The first question is where to store the configurable string? The main properties file for the application is going to be where we start, since it is a global change.

The next question is how to find all the places the string is hiding in the application?

The easy grind part is searching the many .jsp and .java files for instances that follow a specific pattern and replacing with resource getter code (more on that later). Sadly, there was no pattern that excluded commented code in my IDE, so this was truly a grind-scan.

Most properties files contained helpful pointers in comments to the target files where the resource bundle was used, which were mostly .jsp files with struts framework. I add the following just above any resource bundle and below includes and tld directives:

<bean:define id=”identifier”>

	<%= EConfigFactory.getSingleton().getStringProperty(EConfig.STRING_NAME, "Default")%>

Note that the “Default” value is a string that would be displayed if not value is returned by the EConfigFactory method call to EConfig.STRING.NAME, and can be left as an empty string.

Using in a JSP

To have JSP insert the property so that the string is displayed in the rendered HTML page, use this:

<%= identifier %>

Using in .java Class

String identifier = EConfigFactory.getSingleton().getStringProperty(EConfig.SERVICE_NAME, 'Platform')

Using with a Resourced String

<fmt:message key="users.description">

Where a resource bundle supplies a string such as this:

jsp.index.users.description = Provides a tool to find and view users who can access {0}.

The fmt:param tags supply the value that fills {0} in the property.
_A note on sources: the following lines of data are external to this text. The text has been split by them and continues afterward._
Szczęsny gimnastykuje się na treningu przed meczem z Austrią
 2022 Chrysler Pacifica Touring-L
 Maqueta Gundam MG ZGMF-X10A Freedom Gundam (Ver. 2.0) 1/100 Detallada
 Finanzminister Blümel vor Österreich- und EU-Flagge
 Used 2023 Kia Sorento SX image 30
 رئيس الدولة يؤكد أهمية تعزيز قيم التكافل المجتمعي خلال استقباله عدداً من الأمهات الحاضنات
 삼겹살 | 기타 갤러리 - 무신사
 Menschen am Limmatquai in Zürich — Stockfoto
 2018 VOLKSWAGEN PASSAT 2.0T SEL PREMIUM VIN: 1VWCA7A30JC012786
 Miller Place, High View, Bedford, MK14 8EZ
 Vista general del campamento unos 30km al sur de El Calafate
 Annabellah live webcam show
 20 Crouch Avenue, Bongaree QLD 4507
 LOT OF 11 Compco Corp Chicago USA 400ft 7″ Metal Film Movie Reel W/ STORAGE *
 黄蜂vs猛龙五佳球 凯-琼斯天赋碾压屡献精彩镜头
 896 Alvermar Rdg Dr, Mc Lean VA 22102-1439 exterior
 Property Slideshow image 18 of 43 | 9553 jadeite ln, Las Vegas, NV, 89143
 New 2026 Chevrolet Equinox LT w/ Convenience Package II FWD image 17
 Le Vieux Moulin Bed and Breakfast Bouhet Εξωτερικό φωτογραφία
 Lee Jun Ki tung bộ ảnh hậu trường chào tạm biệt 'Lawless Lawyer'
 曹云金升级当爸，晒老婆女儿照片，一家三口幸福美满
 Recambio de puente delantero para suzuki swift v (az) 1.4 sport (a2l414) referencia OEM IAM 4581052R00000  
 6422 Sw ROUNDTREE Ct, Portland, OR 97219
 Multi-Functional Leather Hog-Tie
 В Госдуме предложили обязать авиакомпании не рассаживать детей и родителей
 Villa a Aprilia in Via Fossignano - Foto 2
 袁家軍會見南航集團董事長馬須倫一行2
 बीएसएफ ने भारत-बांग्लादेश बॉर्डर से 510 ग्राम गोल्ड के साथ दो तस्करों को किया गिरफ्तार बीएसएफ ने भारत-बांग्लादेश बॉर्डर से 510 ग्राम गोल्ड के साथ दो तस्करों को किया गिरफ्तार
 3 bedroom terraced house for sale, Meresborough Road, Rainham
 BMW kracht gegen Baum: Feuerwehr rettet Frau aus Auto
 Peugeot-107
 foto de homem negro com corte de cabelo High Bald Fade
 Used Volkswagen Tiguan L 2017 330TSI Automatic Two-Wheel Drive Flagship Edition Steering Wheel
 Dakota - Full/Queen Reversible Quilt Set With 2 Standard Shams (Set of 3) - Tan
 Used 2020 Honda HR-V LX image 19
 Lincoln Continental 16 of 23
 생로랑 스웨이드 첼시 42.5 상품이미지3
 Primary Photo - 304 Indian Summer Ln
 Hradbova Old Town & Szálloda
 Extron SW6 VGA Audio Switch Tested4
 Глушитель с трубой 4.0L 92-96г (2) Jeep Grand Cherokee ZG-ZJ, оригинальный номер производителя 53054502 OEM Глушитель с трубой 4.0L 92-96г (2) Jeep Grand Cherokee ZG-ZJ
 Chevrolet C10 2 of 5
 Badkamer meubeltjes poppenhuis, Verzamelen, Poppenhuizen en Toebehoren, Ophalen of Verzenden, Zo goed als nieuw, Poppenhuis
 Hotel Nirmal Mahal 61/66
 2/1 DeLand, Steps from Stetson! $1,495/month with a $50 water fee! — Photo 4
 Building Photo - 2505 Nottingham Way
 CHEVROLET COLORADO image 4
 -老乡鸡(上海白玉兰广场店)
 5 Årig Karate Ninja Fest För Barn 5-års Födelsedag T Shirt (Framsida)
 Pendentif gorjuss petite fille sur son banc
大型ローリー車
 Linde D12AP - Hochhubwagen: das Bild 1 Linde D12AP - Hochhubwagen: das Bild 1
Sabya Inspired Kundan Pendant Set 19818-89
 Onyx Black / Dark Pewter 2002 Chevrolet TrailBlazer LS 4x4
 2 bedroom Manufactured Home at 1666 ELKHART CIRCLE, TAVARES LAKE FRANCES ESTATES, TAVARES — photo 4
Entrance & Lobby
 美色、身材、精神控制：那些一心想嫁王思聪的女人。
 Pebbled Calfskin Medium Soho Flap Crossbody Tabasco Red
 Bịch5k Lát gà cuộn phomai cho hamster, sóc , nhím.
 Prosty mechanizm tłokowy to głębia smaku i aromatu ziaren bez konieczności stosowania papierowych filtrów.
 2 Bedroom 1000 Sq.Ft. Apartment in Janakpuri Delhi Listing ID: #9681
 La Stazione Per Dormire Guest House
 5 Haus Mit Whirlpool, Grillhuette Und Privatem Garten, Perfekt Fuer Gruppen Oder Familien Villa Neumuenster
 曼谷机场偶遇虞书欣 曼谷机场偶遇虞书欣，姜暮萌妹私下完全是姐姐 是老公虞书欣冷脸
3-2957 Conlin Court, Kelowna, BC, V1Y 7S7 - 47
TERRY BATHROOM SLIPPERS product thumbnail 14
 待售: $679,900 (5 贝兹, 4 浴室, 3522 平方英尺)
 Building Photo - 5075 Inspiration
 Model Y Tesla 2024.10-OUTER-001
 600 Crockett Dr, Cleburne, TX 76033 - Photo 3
Multiple properties are added in the order the parameters are listed.

There are two significant problems with this method:

  • When viewing the property file in isolation (as a translator, for example) the numbers in brace provide no contextual meaning
  • Locating what files use the property file requires a commenting convention that leaves a breadcrumb in it or you must do a search for the key through the entire project to find all uses.